The meeting point to participate in this activity will be at 10.00 in 'La Ermitica', located next to the river, in the Historic Site of La Encarnación.
The directors of the excavation will expose the importance of this site, which has become an international benchmark for the scientific study of human evolution.
More than twenty experts from different international universities work on this campaign, which ends on July 19.
Next week the new findings will be announced at a press conference.
The excavations carried out in the last three decades have provided valuable information about the first hominids.
The cave was frequented by human beings who left a trace of their presence in the form of remains of fire and a hand ax, both being the oldest in Europe.

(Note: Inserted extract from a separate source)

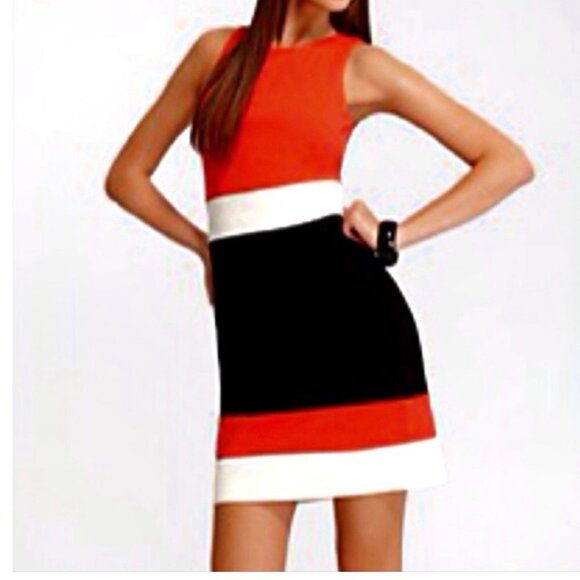 VINCE CAMUTO Color Block Stretch Knit Sleeveless Lined Dress Sz 4 - Picture 1 of 14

In addition, numerous paleolithic tools and abundant remains of fauna have been located, belonging in many cases to micro mammals and large mammals, from which conclusions can be drawn about the ways of life and subsistence of man in Prehistory.
The human beings that lived in the cave of the hamlet of La Encarnación probably belonged to the extinct species of "Man of Heidelburg" or "Homo heidelbergensis ', who inhabited Europe 890,000 years ago, in the Pleistocene, and was ancestral species of' Man of Neanderthal 'u' Homo neanderthalensis'.